Attorney Mark Dubois ()

As GM continues to reel under the fallout over whether it hid or downplayed the seriousness of the problem with the ignition switches on some of its vehicles which had led to injury or death in some cases, attention is turning to its lawyers. After an investigation, a number of engineers, executives and legal professionals were fired. In some media, lawyers who were defending lawsuits involving the vehicles are being criticized for not revealing knowledge of the problem. Now that some of them may have been repaid for this effort be being thrown under the bus, it will be interesting to hear what comes out.

This evinces a tension that always exists for lawyers when they learn of a client’s possible misconduct and find themselves torn between revealing the problem, possibly saving lives or hiding it and preventing their client from being exposed to huge damage claims all while wondering what may either promote or end a legal career. Among those who teach legal ethics, this is known as the “flaming pajamas” problem, from a hypothetical where lawyers representing a clothing manufacturer allegedly suppress information concerning the propensity of their client’s product to expose unwitting children to serious harm. We are schooled to hold client information confidential, but are also warned that there may be a point when moral or public-interest issues overwhelm such a duty.

The rules by we govern themselves recognize the problem and allow prophylactic action. Rule 1.13 provides that when lawyers learn of misconduct within an organization, they may take remedial action in the best interests of the organization, including reporting to the highest internal authority and, on occasion, outside of the organization. My guess is that if someone had brought the ignition switch problem to GM CEO Mary Barra, things would have been handled much differently. Rule 1.6 actually mandates (other states simply allow) public disclosure when client conduct involves a criminal or fraudulent act likely to result in death or substantial bodily harm to a person. The first rule is designed to protect the client, the latter to protect the public.

Things get more complex when the problem appears to have been remedied. While the rules allow lawyers to take action to prevent harm, they generally do not allow us to go back and fix mistakes that have already occurred. The most troubling of these cases involve lawyers who know of a wrongful conviction but who cannot reveal it because doing so would implicate a client who has escaped detection. The harsh consequences of silence in these cases is that some innocents have spent a lifetime in prison for crimes they did not commit.

Though the rule seems to be amoral in its application, it has its roots in the concept that clients must be able to obtain sound legal advice, and a lawyer cannot properly advise and counsel if she does not know all the facts.

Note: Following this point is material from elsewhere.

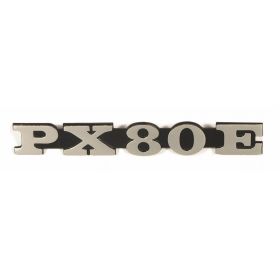 Targhetta PX80E cofano sinistro SIP nero/alluminio interasse 105mm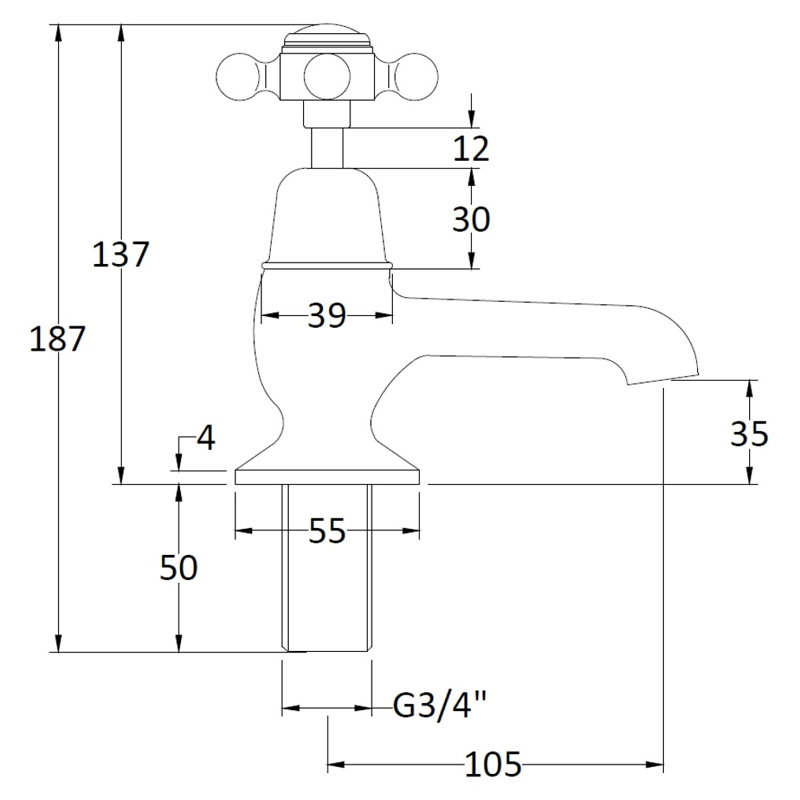 2 Handle Deck Bath Faucet Bath Filler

Thus, clients must be able to trust that what they say to lawyers remains private. But even privacy has its limits. Sometimes things should not be hidden, especially when harm can follow.

Unfortunately, both internal and external whistle-blowing come with a cost, and many are not willing to risk their careers doing so. Some law professors suggest that an alternative to silence might be to attempt to convince the client to “do the right thing”. Others have suggested that lawyers finding themselves torn between these competing concerns consider anonymous reporting. That may explain why the information about GM’s internal investigation into the ignition switches seems to keep leaking out.

None of this is easy, and those of us who counsel lawyers about ethics problems often have to help choose between several unpleasant alternatives. A lawyer making an informed and reasonable decision to honor or breach a client’s confidentiality will often not be disciplined, as issues such as whether harm is imminent may not be readily apparent or may be subject to debate. The worst sin is when, faced with overwhelming evidence of imminent harm, nothing is done out of misplaced loyalty to the client.

As the GM drama plays out, it will be interesting to see what role lawyers had in hiding the problem. If nothing else, the matter will provide yet another interesting case study in lawyers’ ethics classes for many years to come.

Mark Dubois, the former chief disciplinary counsel in Connecticut, is now an attorney at the New London firm of Geraghty & Bonnano. He is also president-elect of the Connecticut Bar Association. The views expressed here are his own and not those of the CBA.